§ **What you are asked to do**
Please set down only the lines from the one containing "New Frye Gia" through the end of the entries below, exactly, minus any pictures.
________
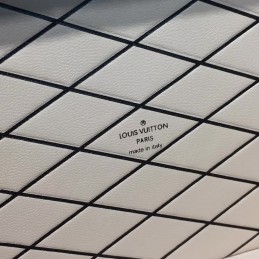 Replica Louis Vuitton Black Multicolor Graphic Petite Malle - Style 2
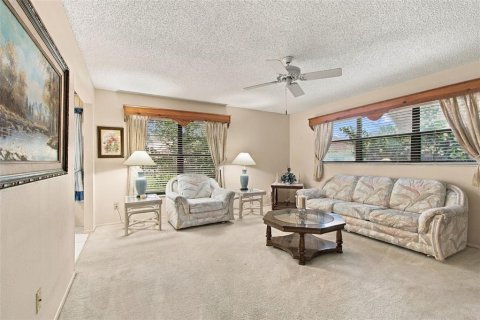 Villa ou maison à vendre à Palm Harbor, Floride: 2 chambres, 157.93 m2 № 2429360 - photo 19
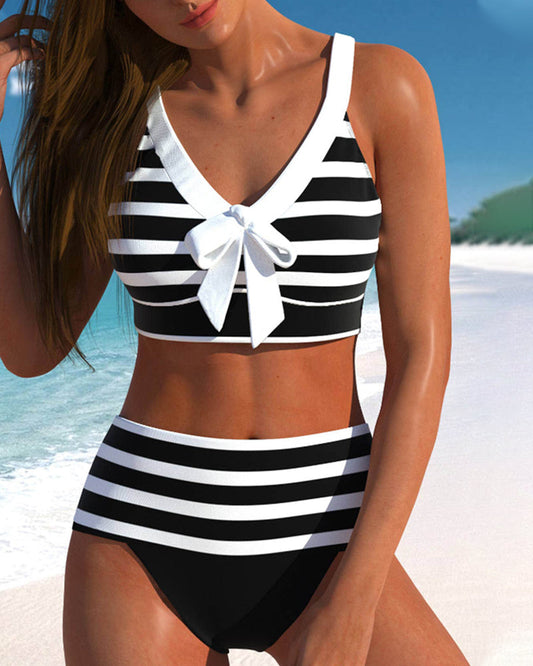 Hochtaillierte gestreifte Bikinis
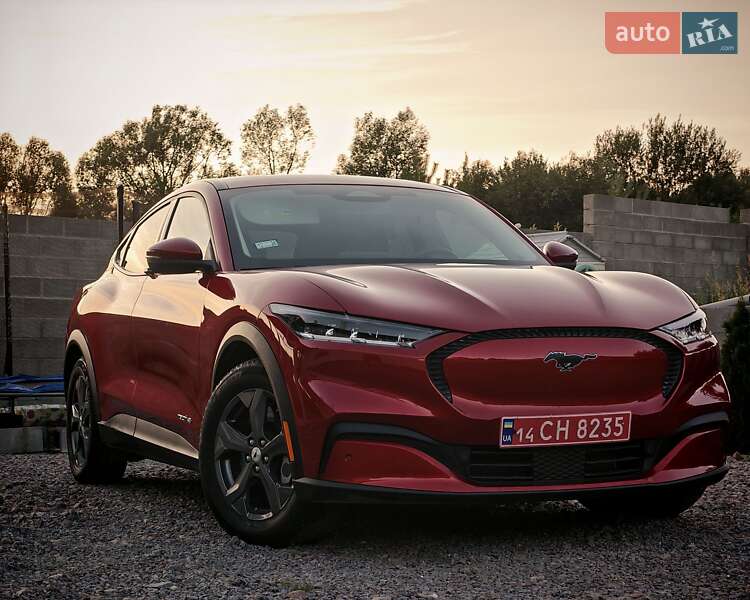 Внедорожник / Кроссовер Ford Mustang Mach-E 2021 в 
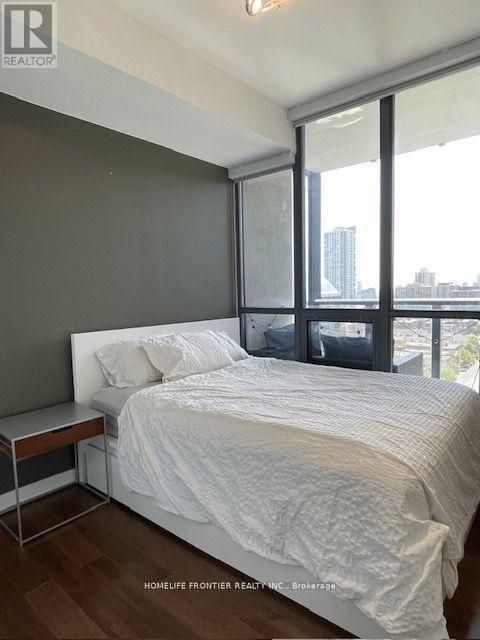 1803 - 110 Charles Street E, Toronto, Ontario  M4Y 1T5 - Photo 10 - C13730410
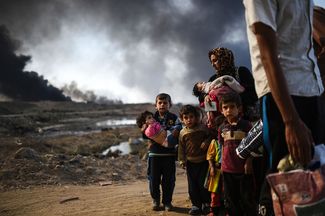 Беженцы, вынужденные покинуть свои дома из-за битвы за Мосул, 29 октября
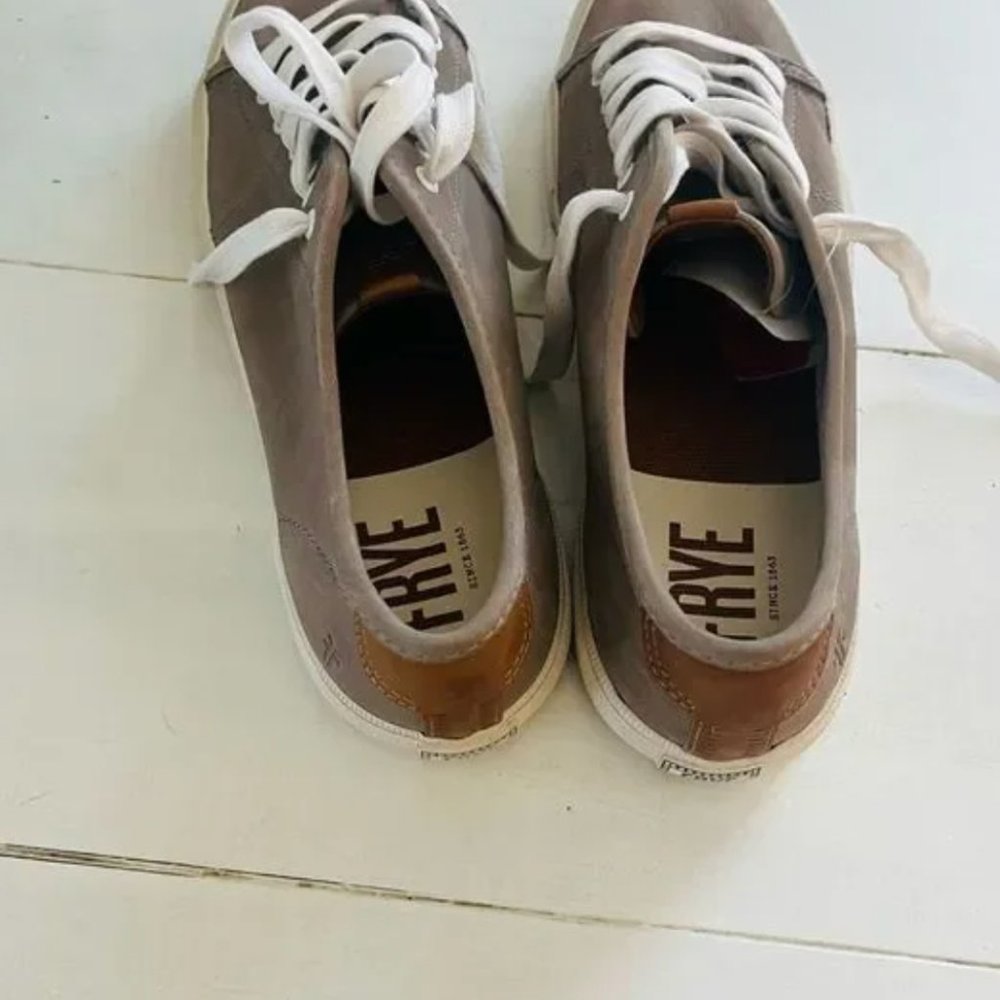 New Frye Gia Canvas Low Lace Up Taupe/Grey Sneakers  9 - Picture 5 of 7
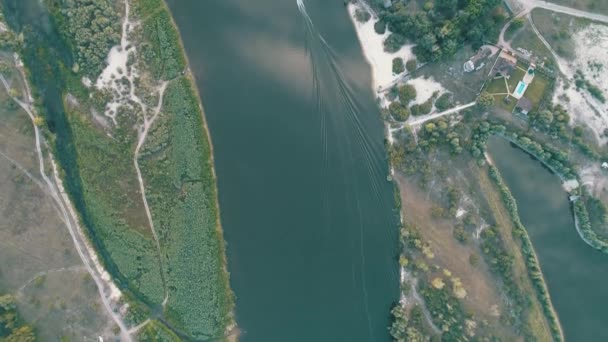 Luftaufnahme. fliegen über den schönen Fluss. Luftaufnahme. Landschaftspanorama. — Stockvideo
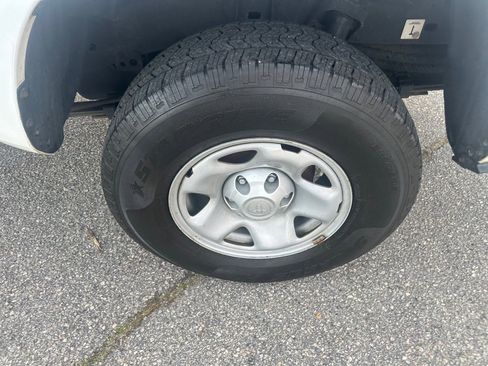 Used 2019 Toyota Tacoma SR image 18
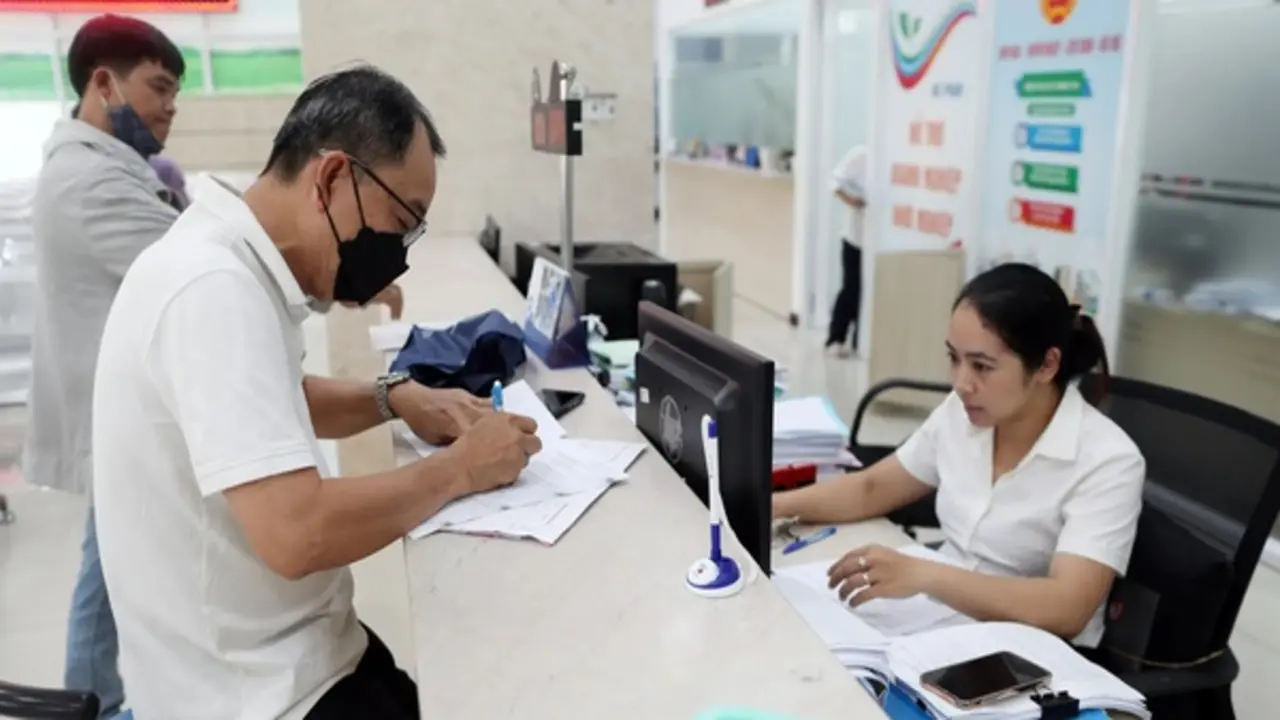 Không nên phân biệt người phụ thuộc khi tính thuế
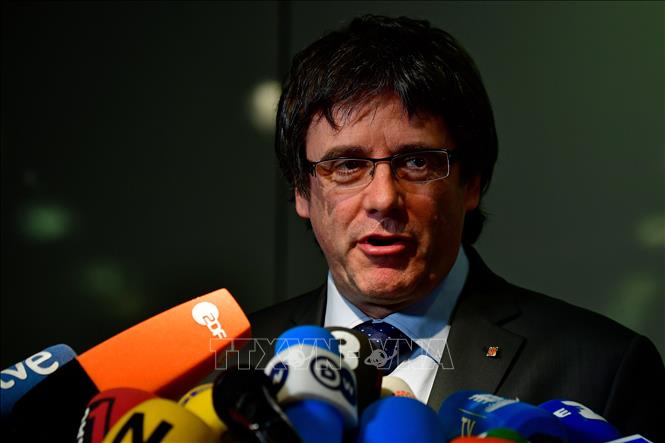  Cựu Thủ hiến vùng tự trị Catalonia Carles Puigdemont trong cuộc họp báo ở Berlin ngày 15-5-2018. Ảnh: AFP/TTXVN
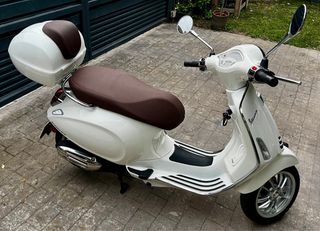 Vespa Primavera 125 Scooter Automática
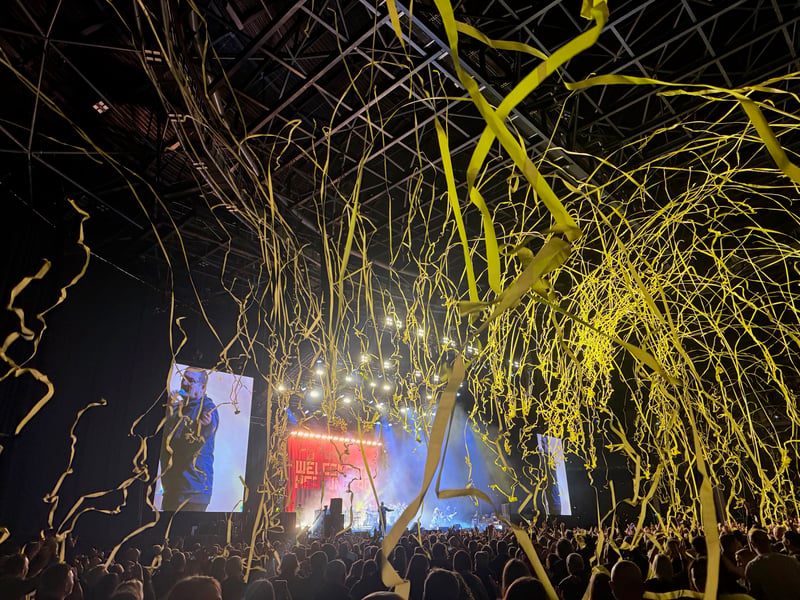 After streamers rained down on the audience, the show closed with 'Rotterdam' and 'Caravan of Love'.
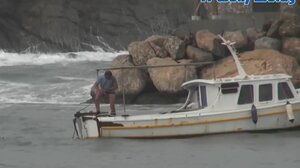 Στιγμές αγωνίας στην Αστυπάλαια: Ψαράς βούτηξε με 10 μποφόρ για να σώσει το καΐκι του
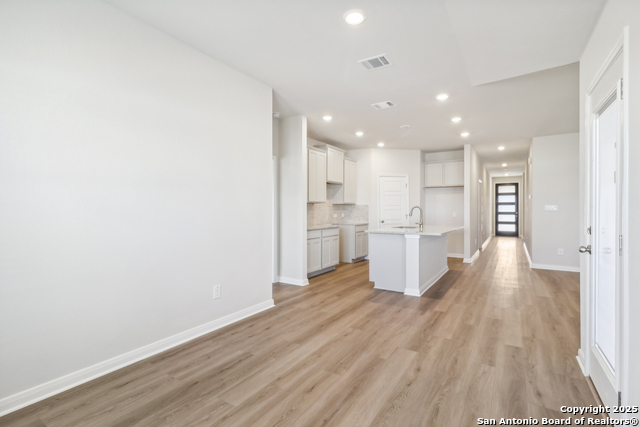 Image 4 of 21 For 2806 Clemente Way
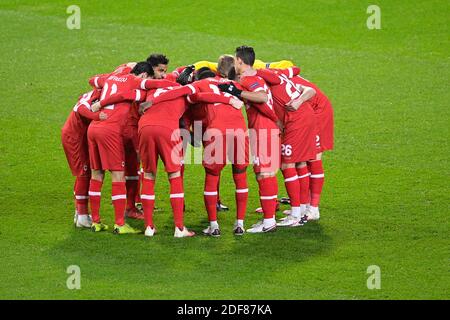 I giocatori di Anversa hanno ritratto prima dell'inizio di una partita di calcio tra il club belga Royal Antwerp FC e la squadra bulgara PFC Ludogorets, giovedì 03 dicembre Foto Stock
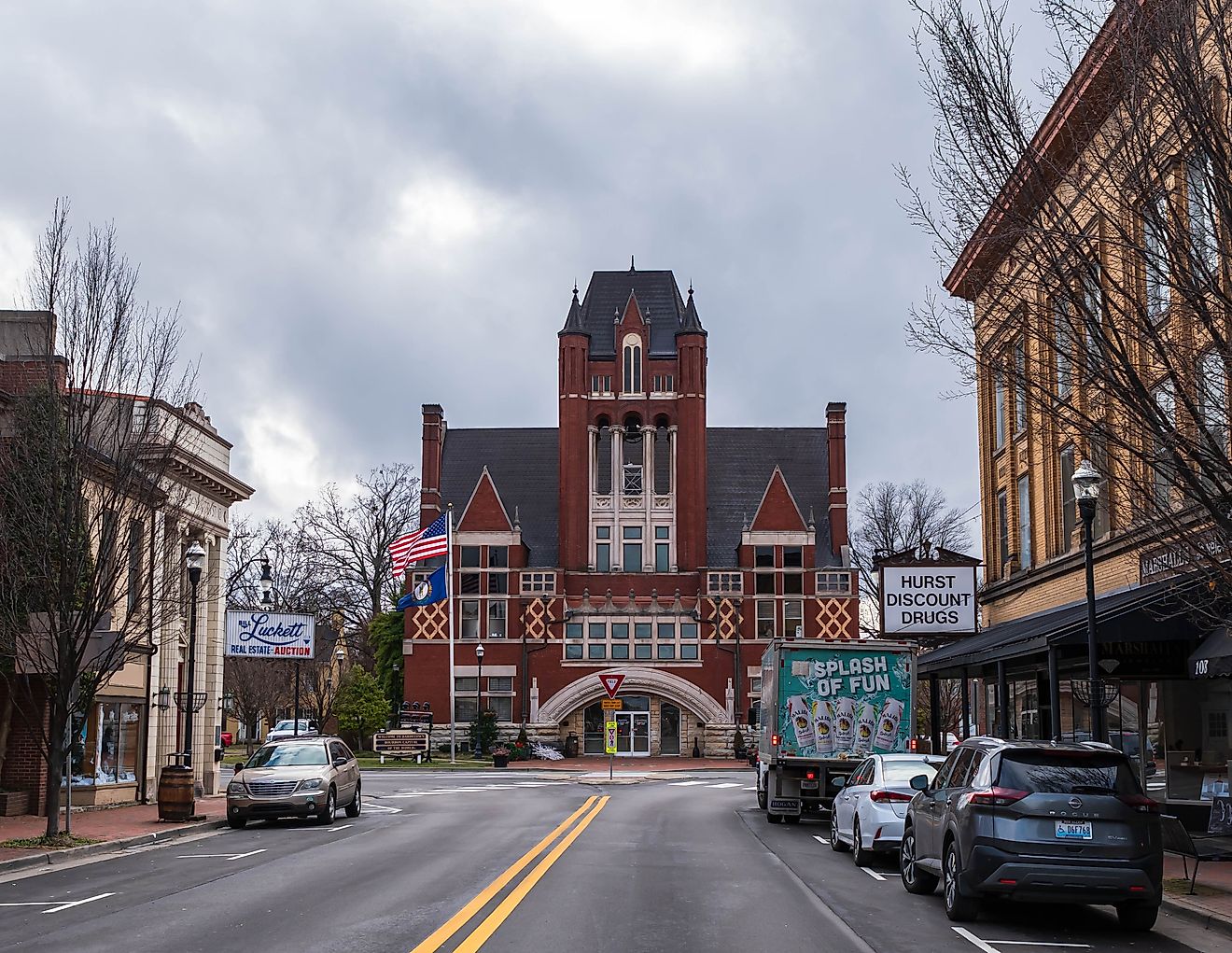 The Old Courthouse Building in Bardstown, Kentucky. Editorial credit: woodsnorthphoto / Shutterstock.com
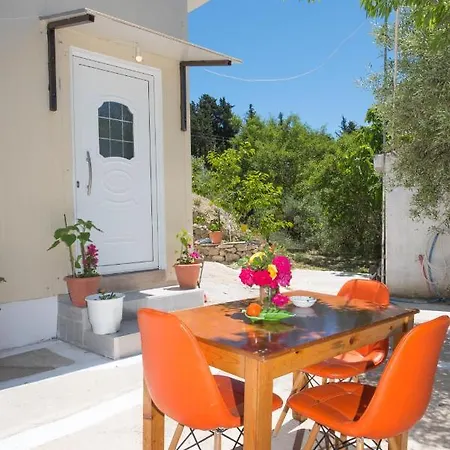 Traditional In The Village Guest house *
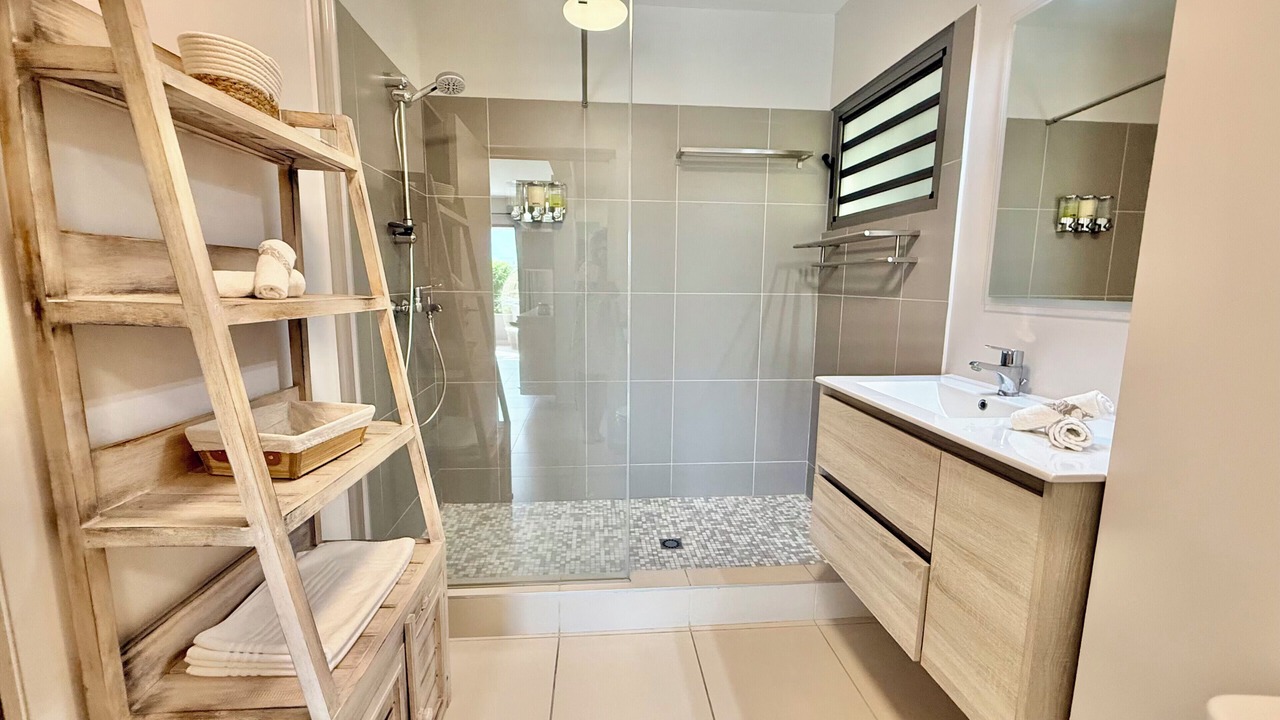 Photo of Bathroom in Papeete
________
§ **Reply**
 New Frye Gia Canvas Low Lace Up Taupe/Grey Sneakers  9 - Picture 5 of 7
 Luftaufnahme. fliegen über den schönen Fluss. Luftaufnahme. Landschaftspanorama. — Stockvideo
 Used 2019 Toyota Tacoma SR image 18
 Không nên phân biệt người phụ thuộc khi tính thuế
  Cựu Thủ hiến vùng tự trị Catalonia Carles Puigdemont trong cuộc họp báo ở Berlin ngày 15-5-2018. Ảnh: AFP/TTXVN
 Vespa Primavera 125 Scooter Automática
 After streamers rained down on the audience, the show closed with 'Rotterdam' and 'Caravan of Love'.
 Στιγμές αγωνίας στην Αστυπάλαια: Ψαράς βούτηξε με 10 μποφόρ για να σώσει το καΐκι του
 Image 4 of 21 For 2806 Clemente Way
 I giocatori di Anversa hanno ritratto prima dell'inizio di una partita di calcio tra il club belga Royal Antwerp FC e la squadra bulgara PFC Ludogorets, giovedì 03 dicembre Foto Stock
 The Old Courthouse Building in Bardstown, Kentucky. Editorial credit: woodsnorthphoto / Shutterstock.com
 Traditional In The Village Guest house *
 Photo of Bathroom in Papeete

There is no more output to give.